▶ [Task description]: Without the pictures, write out all the lines below exactly as they appear.
── Dataset extract
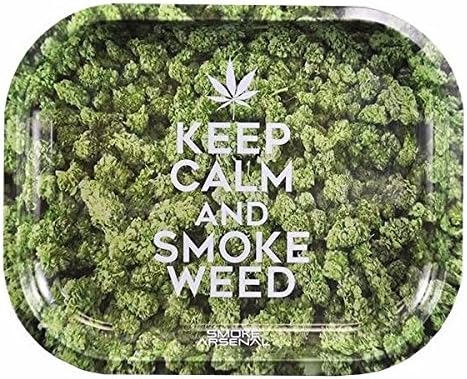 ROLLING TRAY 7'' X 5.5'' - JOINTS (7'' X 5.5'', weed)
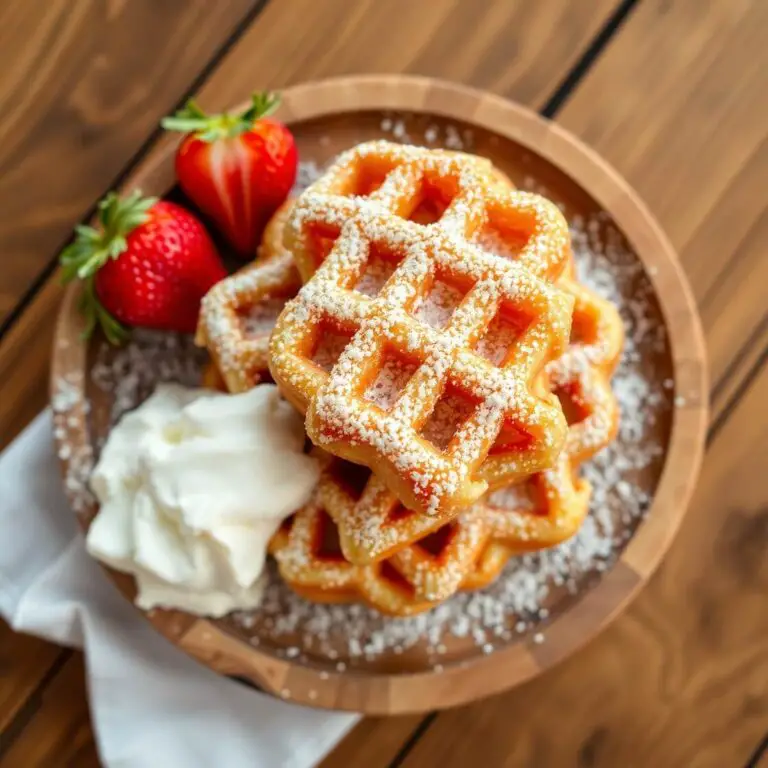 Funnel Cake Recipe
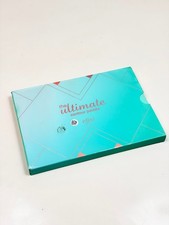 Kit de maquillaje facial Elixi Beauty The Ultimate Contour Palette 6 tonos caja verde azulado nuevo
────
▶ [Task result]:
 ROLLING TRAY 7'' X 5.5'' - JOINTS (7'' X 5.5'', weed)
 Funnel Cake Recipe
 Kit de maquillaje facial Elixi Beauty The Ultimate Contour Palette 6 tonos caja verde azulado nuevo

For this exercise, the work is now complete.